Containers are, IMHO, the essential cloud virtualization model in that they’re more elastic than VM deployments and thus play to the specific benefits of the cloud, but also offer deployment, resilience, the ability to respond to load changes in data center apps. This makes containers the technical bridge between the two environments. I wonder whether pushing this viewpoint out into the real world would help users plan better for hybrid cloud adoption. Personally, I think it would.
But who pushes this approach? Enterprises say it’s primarily the data center giants like Dell, HPE, IBM/Red Hat and VMware. They suggest (but only suggest) that public cloud providers encourage them to think of the cloud as not only an independent environment but also the preferred one. That view, if accepted, would tend to maximize cloud provider influence and revenues.
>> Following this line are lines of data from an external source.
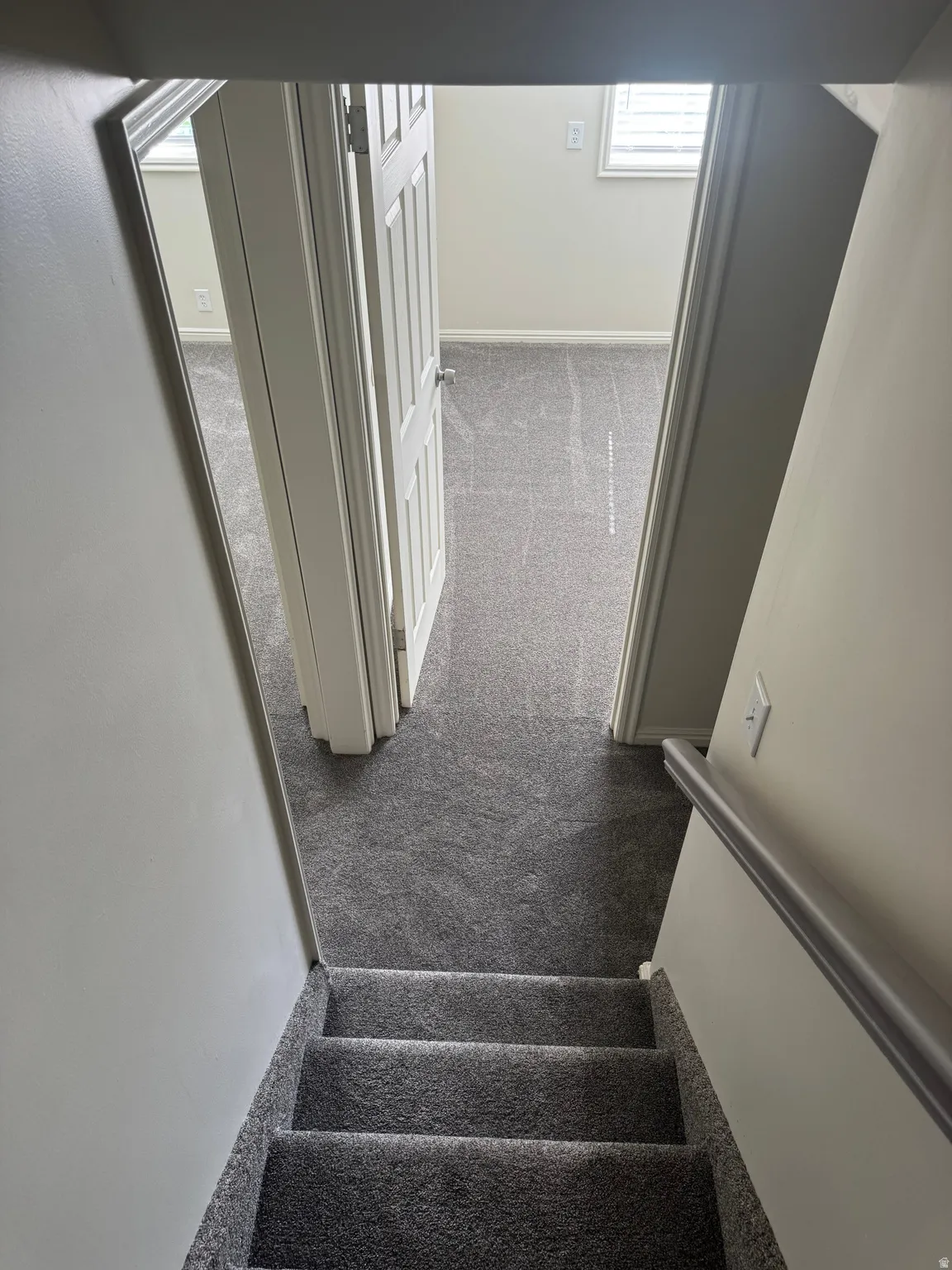 Carpeted staircase featuring a handrail, leading to a carpeted landing with two doorways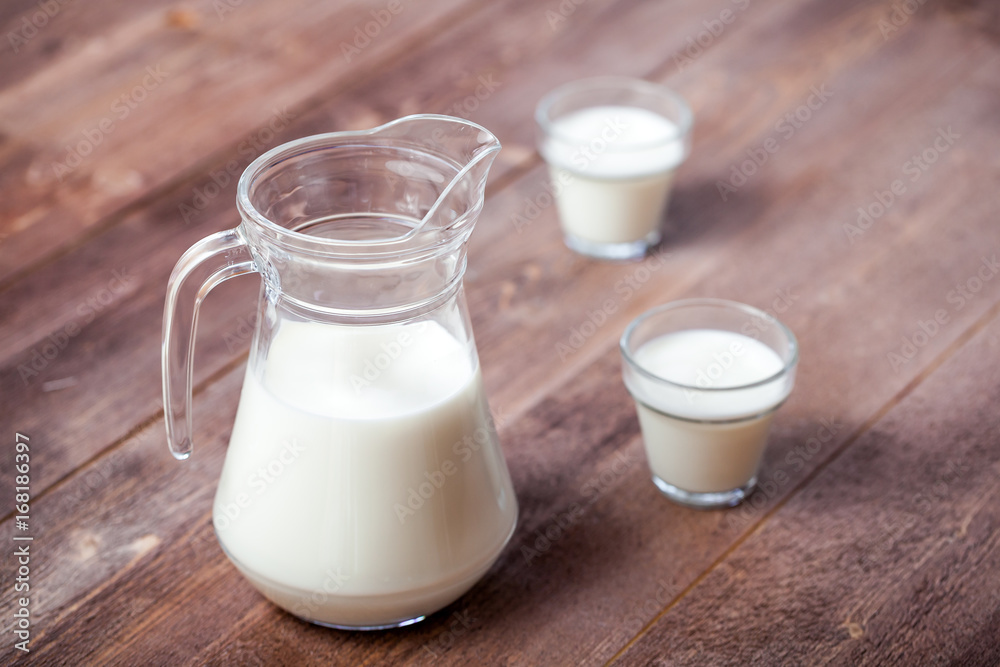 milk and glasses of milk on a wooden rustic table. milk and glasses of milk on a wooden rustic table.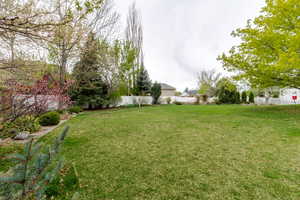 View of yard featuring fence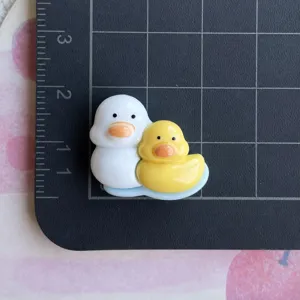 Detalle del tamaño del dije de pato de resina para funda de teléfono y pinza.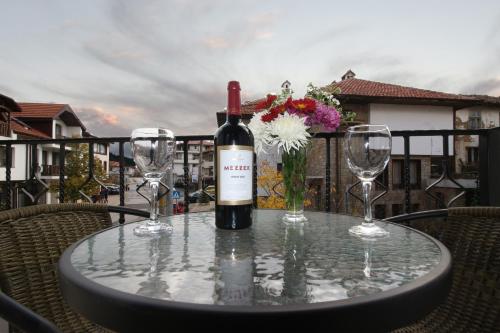 a table with a bottle of wine and two wine glasses at Бялата Къща 2 in Zlatograd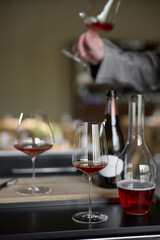Champagne tasting in restaurant, A man holds in his hand a beautiful elegant glass with rose sparkling wine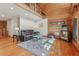 Cozy living room featuring wooden walls and floors and a comfortable leather sofa at 5817 Myrtle Ln, Tampa, FL 33625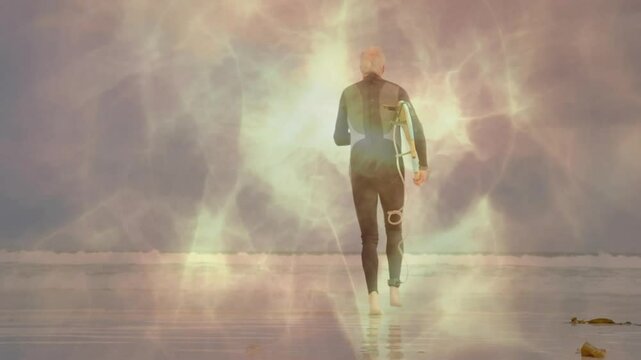 Senior surfer walking into water on beach with surfboard, featuring animated bokeh for health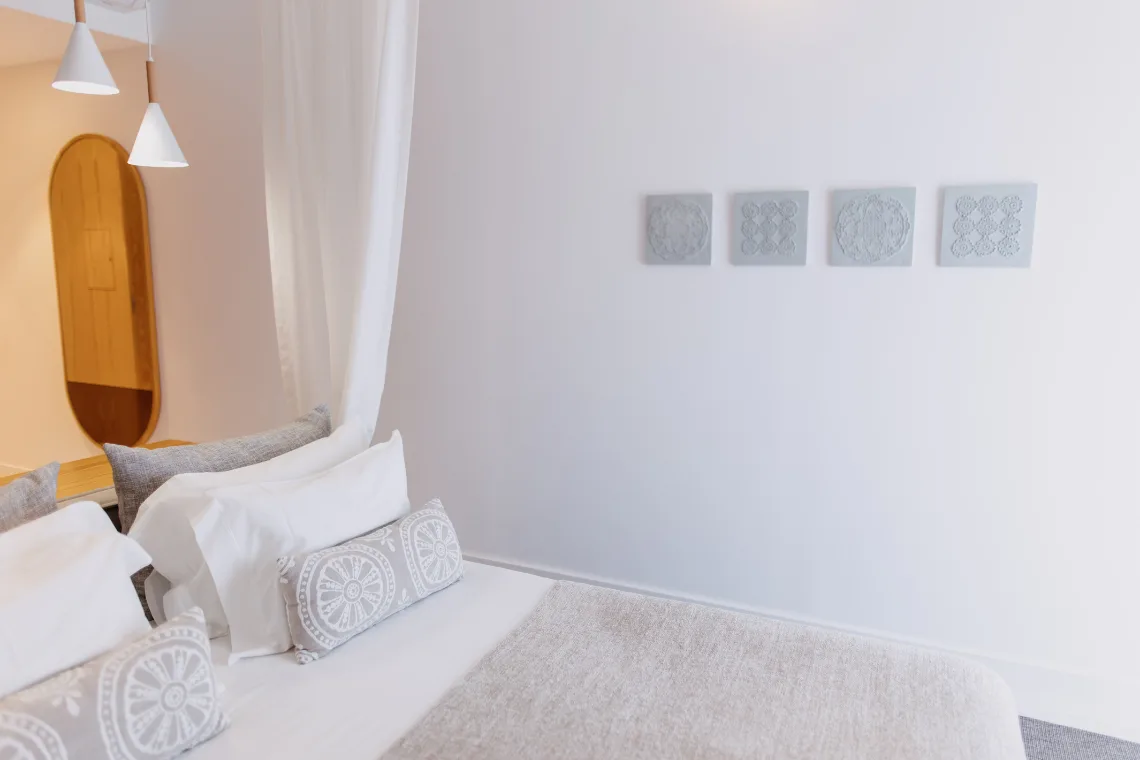 Guest room with a canopy bed, artwork and wood details.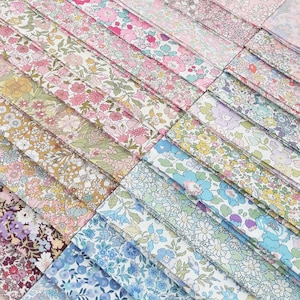 Puede incluir: Una colección de muestras de tela floral en varios colores, incluyendo rosa, azul, amarillo y morado. Los patrones de tela presentan pequeñas flores y hojas, dispuestas en filas diagonales. La estética general es delicada y femenina.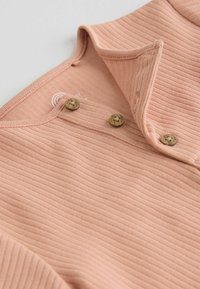 Soft pink ribbed fabric with three wooden buttons fastened along a folded edge, showing stitching and texture detail.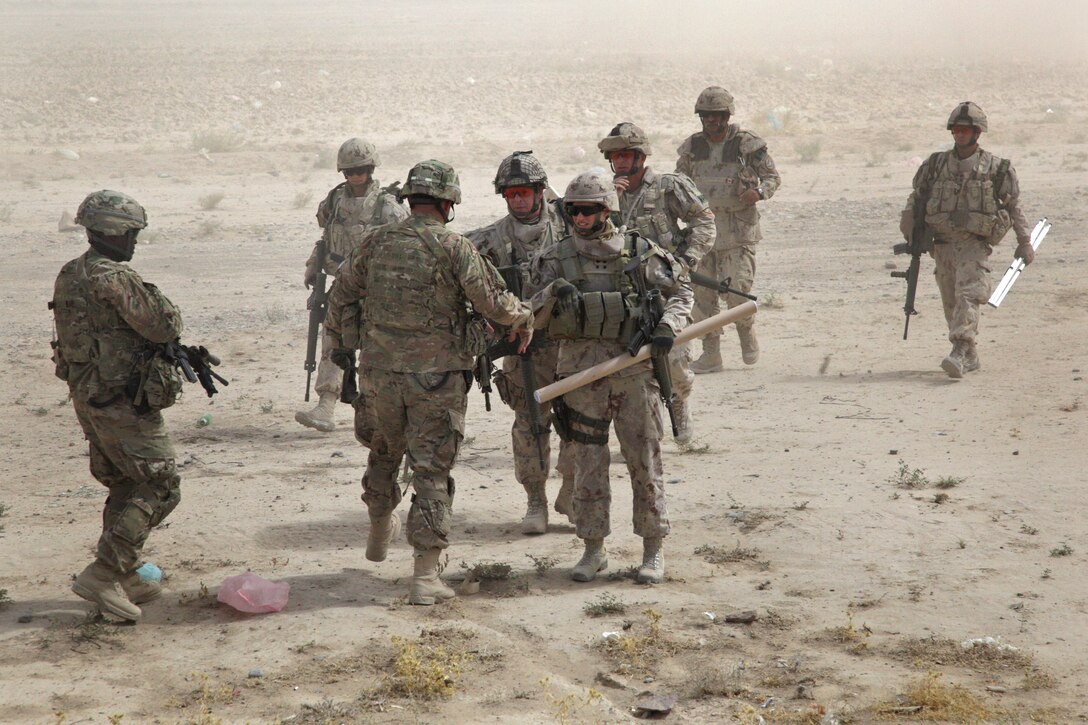 U.S. Army Lt. Col. Sean Bateman, left, links up with Canadian Army Col ...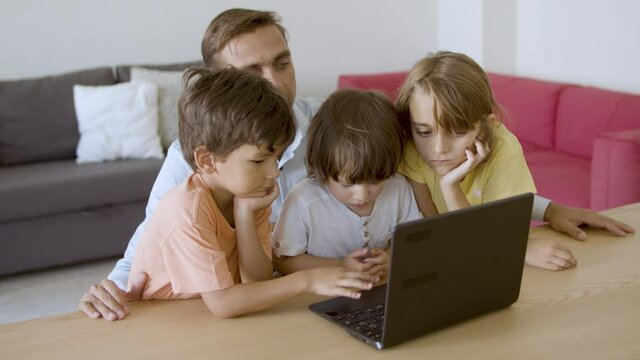 Serious dad and kids watching movie on laptop together. Middle-aged father sitting at table with children. Boys and girl looking at screen. Hand-held camera. Fatherhood and digital technology concept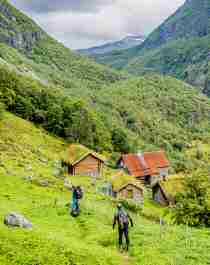Två personer går mot fjällgården Avdalen i Utladalen, Fjord Norge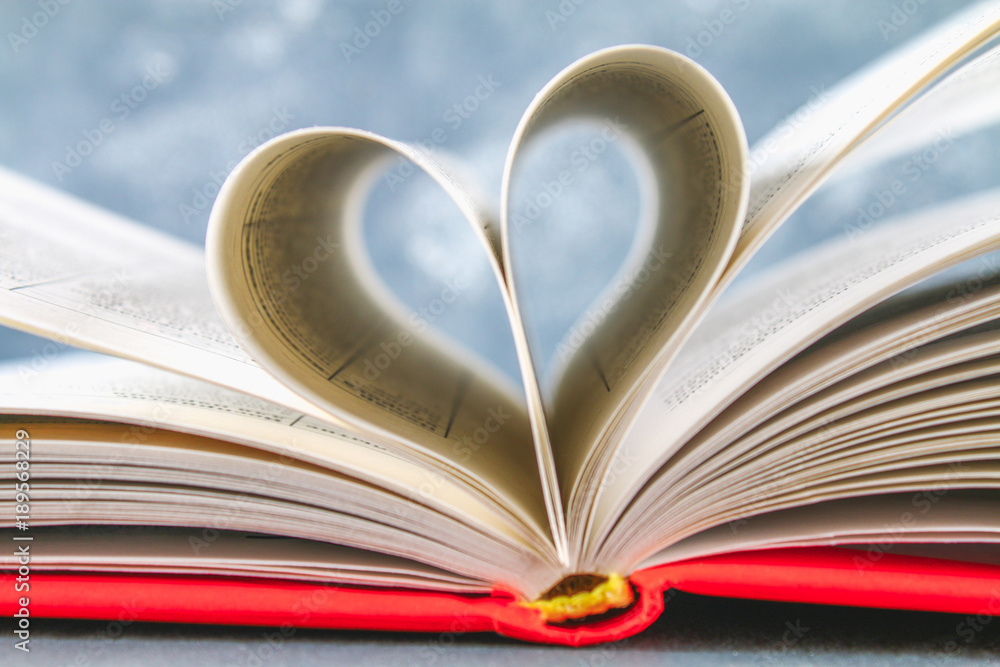 The pages of the book in the red cover are made in the form of a heart. The concept of Valentine's Day. The pages of the book in the red cover are made in the form of a heart. The concept of Valentine's Day.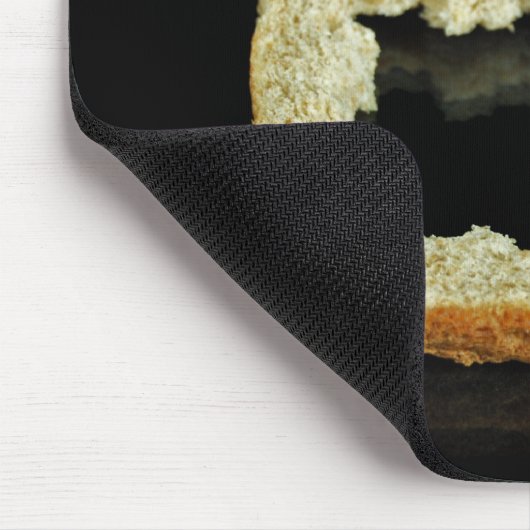 Brood crust op zwart muismat (Hoek)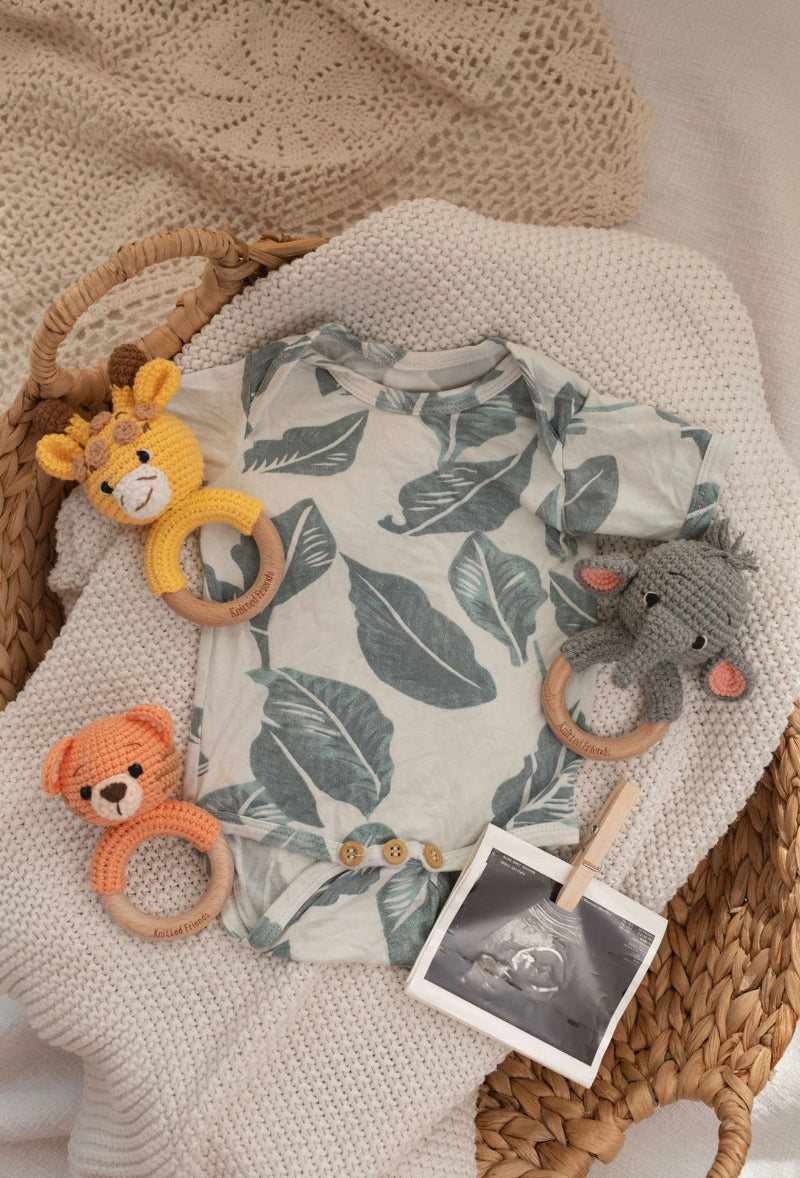 Handmade crochet tiger rattle with giraffe rattle made by Knitted Friends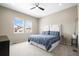 Bedroom with a ceiling fan, plush carpeting, and a large window for ample natural light at 2766 Keepsake Way, Castle Rock, CO 80109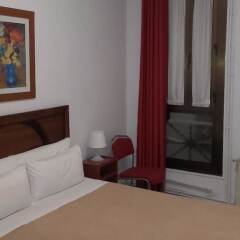 Отель Hostal Absolut Stay Барселона комната для гостей фото 6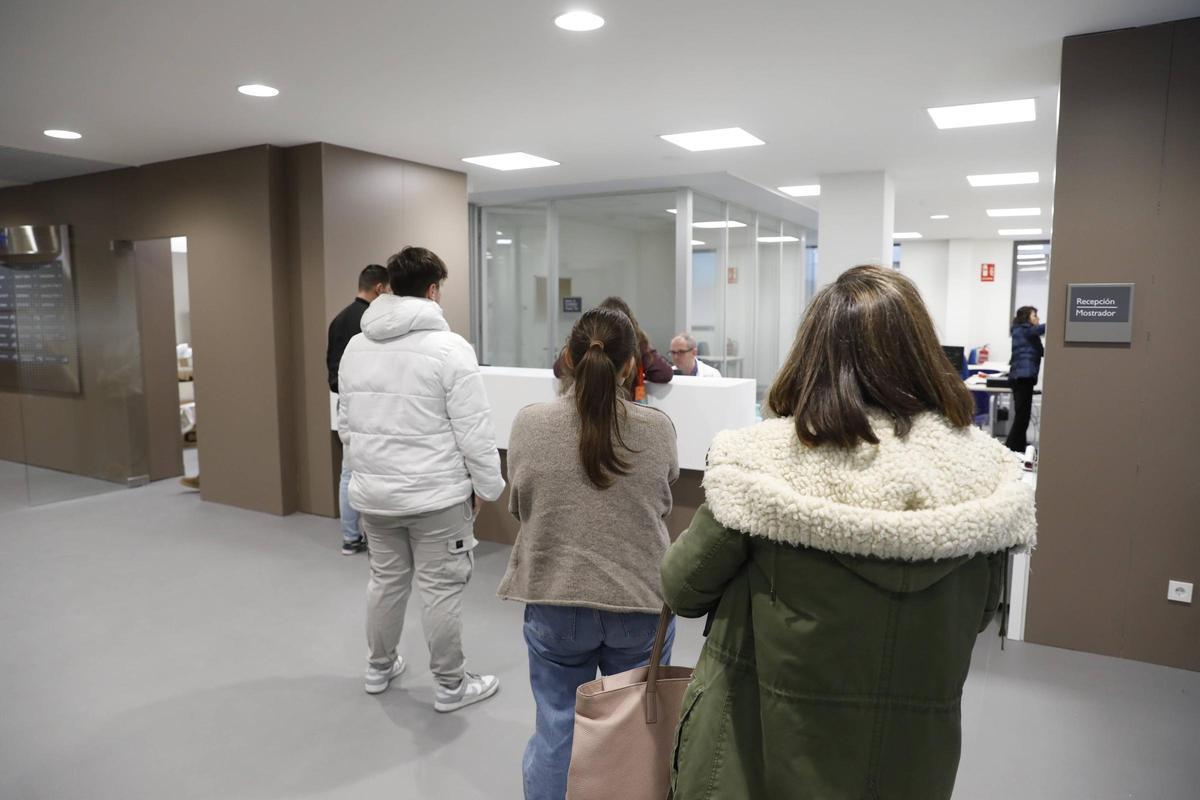 Pacientes ante el mostrador el primer día de activiad en el centro de salud de Sotrondio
It may all come down to account control, but that factor isn’t always operative. First, only the four giants named above really have account control. Second, less than half of enterprises tell me any vendor really has account control. Thus, a big chunk of enterprises are really swinging in the PR cycle on cloud adoption, which of course is driven mostly by cloud providers. But there’s a third factor too; even when one of the four vendors listed does have account control, they aren’t always prepared to exercise it to promote container-based hybrid unity.
All this has to be considered in light of an interesting statistics set. The group of 75 enterprises who built hybrid clouds by transplanting their data center virtualization strategy to their public cloud choices reported less than half the problems with cost or technical project failures as cloud users overall. Private cloud, in this form at least, is delivering better outcomes for users.